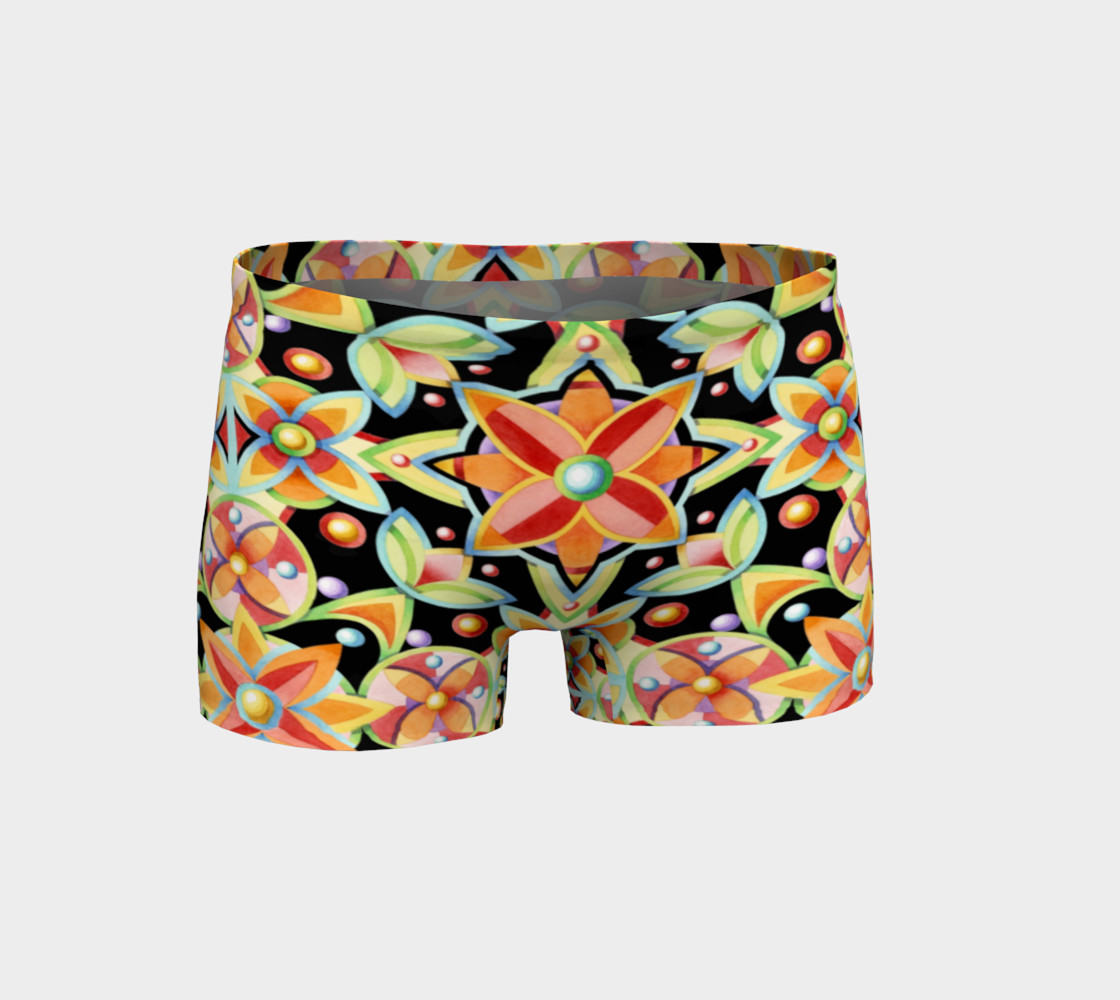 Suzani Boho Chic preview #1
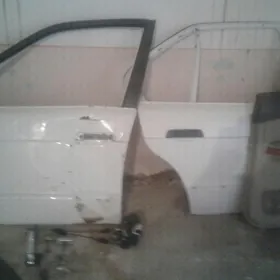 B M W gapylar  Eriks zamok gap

* * *

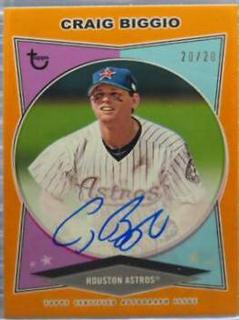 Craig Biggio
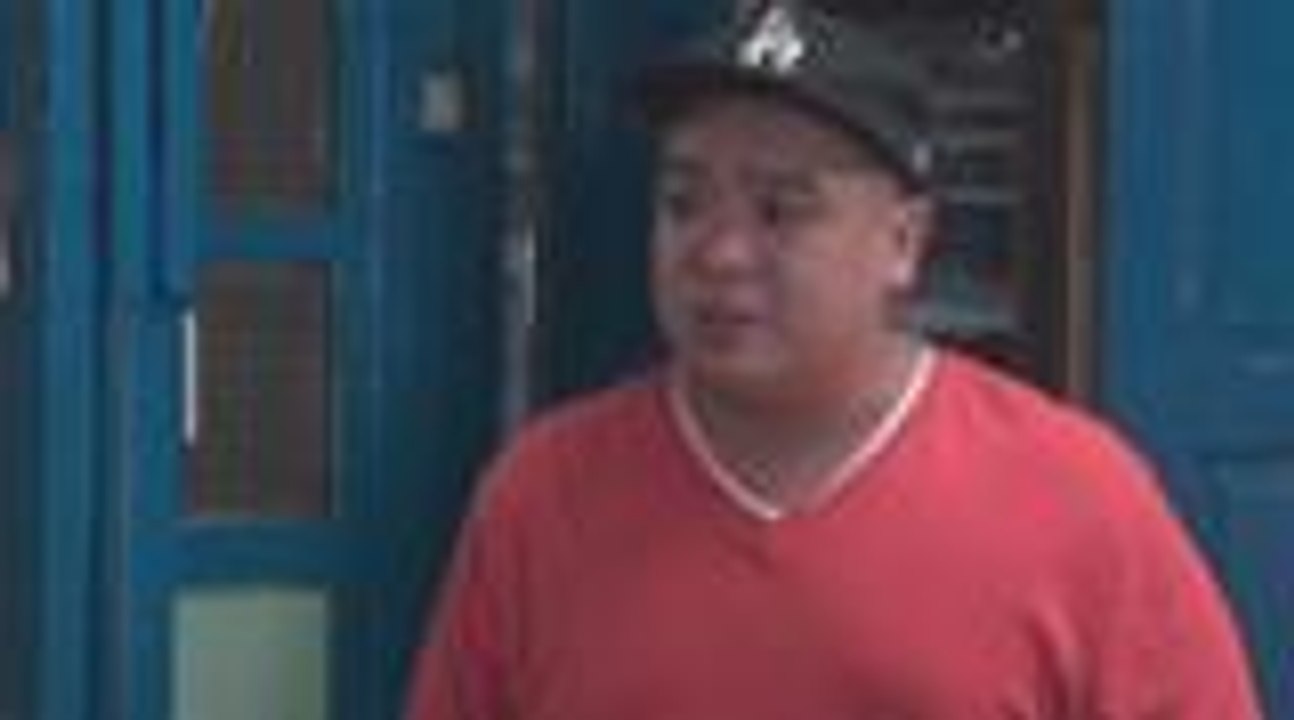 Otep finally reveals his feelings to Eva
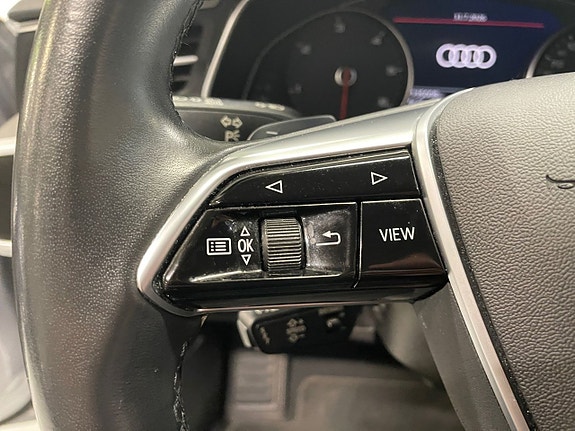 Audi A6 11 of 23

--

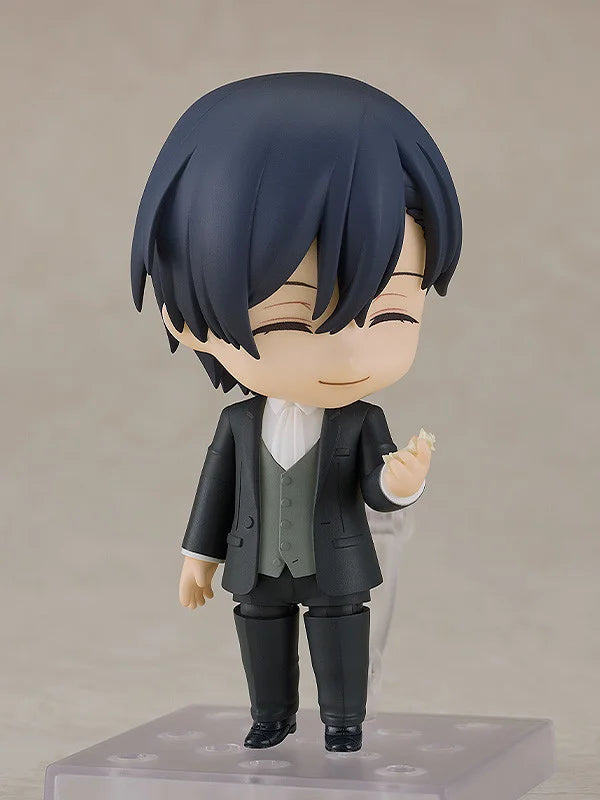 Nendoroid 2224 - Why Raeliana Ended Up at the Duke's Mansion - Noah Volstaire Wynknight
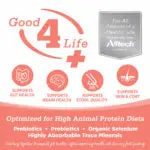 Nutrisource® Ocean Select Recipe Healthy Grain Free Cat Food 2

ASSIGNED TASK:
Taking the entries above, extract every line from the one bearing "Otep finally reveals his feelings to Eva" through the one bearing "Audi A6 11 of 23", exactly, with no pictures.

OUTPUT OF THE TASK:
 Otep finally reveals his feelings to Eva
 Audi A6 11 of 23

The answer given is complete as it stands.